What to produce:
From the listing below, copy only the lines from the line that contains "стаф Алексеевка" to the line that contains "Clyde Cavapoo ML", counting those two lines as part of the copy.

Source data:
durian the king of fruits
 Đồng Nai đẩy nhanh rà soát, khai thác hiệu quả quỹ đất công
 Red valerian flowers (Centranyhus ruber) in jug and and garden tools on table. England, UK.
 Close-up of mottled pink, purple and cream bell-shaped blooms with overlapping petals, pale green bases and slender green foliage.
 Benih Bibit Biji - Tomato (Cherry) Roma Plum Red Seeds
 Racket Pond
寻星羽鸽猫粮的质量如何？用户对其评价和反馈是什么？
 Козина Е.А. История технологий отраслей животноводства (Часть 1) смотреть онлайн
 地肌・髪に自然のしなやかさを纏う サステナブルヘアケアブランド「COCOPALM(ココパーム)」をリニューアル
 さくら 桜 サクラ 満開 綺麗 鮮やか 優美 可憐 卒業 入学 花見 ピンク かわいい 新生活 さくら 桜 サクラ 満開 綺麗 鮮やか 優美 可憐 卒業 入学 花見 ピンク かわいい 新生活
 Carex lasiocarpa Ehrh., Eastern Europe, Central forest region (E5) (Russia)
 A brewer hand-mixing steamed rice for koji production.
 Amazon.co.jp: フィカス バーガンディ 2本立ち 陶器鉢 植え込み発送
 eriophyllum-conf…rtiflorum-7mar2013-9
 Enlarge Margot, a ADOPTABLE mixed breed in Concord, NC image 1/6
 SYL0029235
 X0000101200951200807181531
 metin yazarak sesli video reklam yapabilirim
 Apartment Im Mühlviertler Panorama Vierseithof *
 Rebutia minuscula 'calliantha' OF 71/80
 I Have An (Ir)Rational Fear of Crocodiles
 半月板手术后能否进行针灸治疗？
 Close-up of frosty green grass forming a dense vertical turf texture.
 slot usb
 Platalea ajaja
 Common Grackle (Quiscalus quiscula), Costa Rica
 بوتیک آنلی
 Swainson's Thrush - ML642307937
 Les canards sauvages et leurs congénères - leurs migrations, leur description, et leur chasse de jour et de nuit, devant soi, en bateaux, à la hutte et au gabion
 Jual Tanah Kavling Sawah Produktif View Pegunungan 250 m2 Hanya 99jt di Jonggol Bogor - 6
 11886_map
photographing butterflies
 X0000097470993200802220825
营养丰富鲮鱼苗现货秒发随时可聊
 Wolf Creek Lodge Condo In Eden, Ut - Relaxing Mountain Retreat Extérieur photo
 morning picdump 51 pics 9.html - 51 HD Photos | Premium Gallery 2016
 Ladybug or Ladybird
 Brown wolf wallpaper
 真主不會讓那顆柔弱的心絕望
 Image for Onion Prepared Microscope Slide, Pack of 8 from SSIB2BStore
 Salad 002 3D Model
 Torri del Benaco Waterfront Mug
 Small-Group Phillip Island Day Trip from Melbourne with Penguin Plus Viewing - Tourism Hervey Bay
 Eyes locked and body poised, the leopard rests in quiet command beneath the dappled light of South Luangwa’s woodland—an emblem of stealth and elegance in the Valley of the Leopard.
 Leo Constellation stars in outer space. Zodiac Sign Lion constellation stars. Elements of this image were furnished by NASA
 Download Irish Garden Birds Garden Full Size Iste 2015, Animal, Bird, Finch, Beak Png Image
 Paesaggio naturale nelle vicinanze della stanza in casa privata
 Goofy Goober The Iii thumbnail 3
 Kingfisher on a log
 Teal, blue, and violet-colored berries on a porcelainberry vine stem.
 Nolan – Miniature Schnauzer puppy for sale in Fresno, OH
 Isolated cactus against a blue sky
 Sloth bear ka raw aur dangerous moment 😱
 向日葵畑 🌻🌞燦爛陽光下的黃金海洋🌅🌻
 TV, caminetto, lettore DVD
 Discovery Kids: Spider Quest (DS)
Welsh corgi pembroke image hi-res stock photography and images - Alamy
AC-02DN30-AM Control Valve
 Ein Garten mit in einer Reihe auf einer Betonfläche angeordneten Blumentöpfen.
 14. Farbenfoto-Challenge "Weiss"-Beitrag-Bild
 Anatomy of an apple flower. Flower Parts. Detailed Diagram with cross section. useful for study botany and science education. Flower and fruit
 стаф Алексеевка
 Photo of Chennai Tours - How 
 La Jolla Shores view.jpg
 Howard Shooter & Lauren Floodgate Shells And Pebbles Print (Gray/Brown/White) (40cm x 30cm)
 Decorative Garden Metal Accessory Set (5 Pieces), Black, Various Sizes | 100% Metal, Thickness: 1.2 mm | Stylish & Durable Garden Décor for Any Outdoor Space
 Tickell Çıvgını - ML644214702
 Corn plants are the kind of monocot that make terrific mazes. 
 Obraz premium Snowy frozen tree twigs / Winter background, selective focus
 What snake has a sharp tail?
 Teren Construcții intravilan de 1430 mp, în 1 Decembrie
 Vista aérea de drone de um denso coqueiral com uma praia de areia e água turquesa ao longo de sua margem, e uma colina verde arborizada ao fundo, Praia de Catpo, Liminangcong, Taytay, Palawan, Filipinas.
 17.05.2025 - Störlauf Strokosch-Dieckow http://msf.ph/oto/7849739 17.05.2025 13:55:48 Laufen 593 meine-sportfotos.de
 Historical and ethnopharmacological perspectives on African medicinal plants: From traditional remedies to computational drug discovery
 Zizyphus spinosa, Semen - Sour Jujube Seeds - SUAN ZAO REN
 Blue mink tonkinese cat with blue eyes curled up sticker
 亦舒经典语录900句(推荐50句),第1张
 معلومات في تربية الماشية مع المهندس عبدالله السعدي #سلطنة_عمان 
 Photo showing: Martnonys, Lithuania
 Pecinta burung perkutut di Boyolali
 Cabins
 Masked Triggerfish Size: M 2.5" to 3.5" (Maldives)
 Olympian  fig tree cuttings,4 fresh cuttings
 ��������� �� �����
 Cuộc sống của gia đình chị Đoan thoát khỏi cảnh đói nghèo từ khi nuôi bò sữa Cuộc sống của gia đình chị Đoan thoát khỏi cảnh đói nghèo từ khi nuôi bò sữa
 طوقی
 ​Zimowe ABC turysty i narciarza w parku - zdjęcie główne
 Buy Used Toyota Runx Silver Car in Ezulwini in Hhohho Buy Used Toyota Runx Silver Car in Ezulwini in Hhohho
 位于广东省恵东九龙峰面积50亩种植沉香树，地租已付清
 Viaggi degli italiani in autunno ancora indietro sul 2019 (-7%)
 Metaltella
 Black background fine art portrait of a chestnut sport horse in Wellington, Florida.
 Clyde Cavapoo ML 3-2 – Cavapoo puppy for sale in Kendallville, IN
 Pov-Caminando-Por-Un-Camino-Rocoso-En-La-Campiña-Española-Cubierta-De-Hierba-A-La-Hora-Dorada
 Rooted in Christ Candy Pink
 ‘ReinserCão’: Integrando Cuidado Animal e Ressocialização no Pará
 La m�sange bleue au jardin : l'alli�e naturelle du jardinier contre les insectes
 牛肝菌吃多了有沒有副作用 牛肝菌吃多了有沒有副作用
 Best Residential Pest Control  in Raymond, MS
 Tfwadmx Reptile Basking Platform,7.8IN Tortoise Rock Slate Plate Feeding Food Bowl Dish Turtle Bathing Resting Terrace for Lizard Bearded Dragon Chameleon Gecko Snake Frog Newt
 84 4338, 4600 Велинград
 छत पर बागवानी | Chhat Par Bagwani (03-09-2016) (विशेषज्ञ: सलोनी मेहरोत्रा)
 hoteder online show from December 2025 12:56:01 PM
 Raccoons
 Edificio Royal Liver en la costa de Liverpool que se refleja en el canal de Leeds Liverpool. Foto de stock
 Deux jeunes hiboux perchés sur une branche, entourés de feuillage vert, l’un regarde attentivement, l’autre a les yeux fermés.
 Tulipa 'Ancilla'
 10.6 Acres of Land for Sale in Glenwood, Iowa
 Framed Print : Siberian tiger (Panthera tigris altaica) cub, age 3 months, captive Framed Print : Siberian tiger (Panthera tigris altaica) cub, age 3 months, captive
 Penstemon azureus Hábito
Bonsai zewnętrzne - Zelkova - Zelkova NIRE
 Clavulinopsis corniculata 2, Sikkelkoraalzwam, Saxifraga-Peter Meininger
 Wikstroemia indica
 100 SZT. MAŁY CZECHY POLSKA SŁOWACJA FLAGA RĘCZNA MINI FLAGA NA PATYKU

Response:
 стаф Алексеевка
 Photo of Chennai Tours - How 
 La Jolla Shores view.jpg
 Howard Shooter & Lauren Floodgate Shells And Pebbles Print (Gray/Brown/White) (40cm x 30cm)
 Decorative Garden Metal Accessory Set (5 Pieces), Black, Various Sizes | 100% Metal, Thickness: 1.2 mm | Stylish & Durable Garden Décor for Any Outdoor Space
 Tickell Çıvgını - ML644214702
 Corn plants are the kind of monocot that make terrific mazes. 
 Obraz premium Snowy frozen tree twigs / Winter background, selective focus
 What snake has a sharp tail?
 Teren Construcții intravilan de 1430 mp, în 1 Decembrie
 Vista aérea de drone de um denso coqueiral com uma praia de areia e água turquesa ao longo de sua margem, e uma colina verde arborizada ao fundo, Praia de Catpo, Liminangcong, Taytay, Palawan, Filipinas.
 17.05.2025 - Störlauf Strokosch-Dieckow http://msf.ph/oto/7849739 17.05.2025 13:55:48 Laufen 593 meine-sportfotos.de
 Historical and ethnopharmacological perspectives on African medicinal plants: From traditional remedies to computational drug discovery
 Zizyphus spinosa, Semen - Sour Jujube Seeds - SUAN ZAO REN
 Blue mink tonkinese cat with blue eyes curled up sticker
 亦舒经典语录900句(推荐50句),第1张
 معلومات في تربية الماشية مع المهندس عبدالله السعدي #سلطنة_عمان 
 Photo showing: Martnonys, Lithuania
 Pecinta burung perkutut di Boyolali
 Cabins
 Masked Triggerfish Size: M 2.5" to 3.5" (Maldives)
 Olympian  fig tree cuttings,4 fresh cuttings
 ��������� �� �����
 Cuộc sống của gia đình chị Đoan thoát khỏi cảnh đói nghèo từ khi nuôi bò sữa Cuộc sống của gia đình chị Đoan thoát khỏi cảnh đói nghèo từ khi nuôi bò sữa
 طوقی
 ​Zimowe ABC turysty i narciarza w parku - zdjęcie główne
 Buy Used Toyota Runx Silver Car in Ezulwini in Hhohho Buy Used Toyota Runx Silver Car in Ezulwini in Hhohho
 位于广东省恵东九龙峰面积50亩种植沉香树，地租已付清
 Viaggi degli italiani in autunno ancora indietro sul 2019 (-7%)
 Metaltella
 Black background fine art portrait of a chestnut sport horse in Wellington, Florida.
 Clyde Cavapoo ML 3-2 – Cavapoo puppy for sale in Kendallville, IN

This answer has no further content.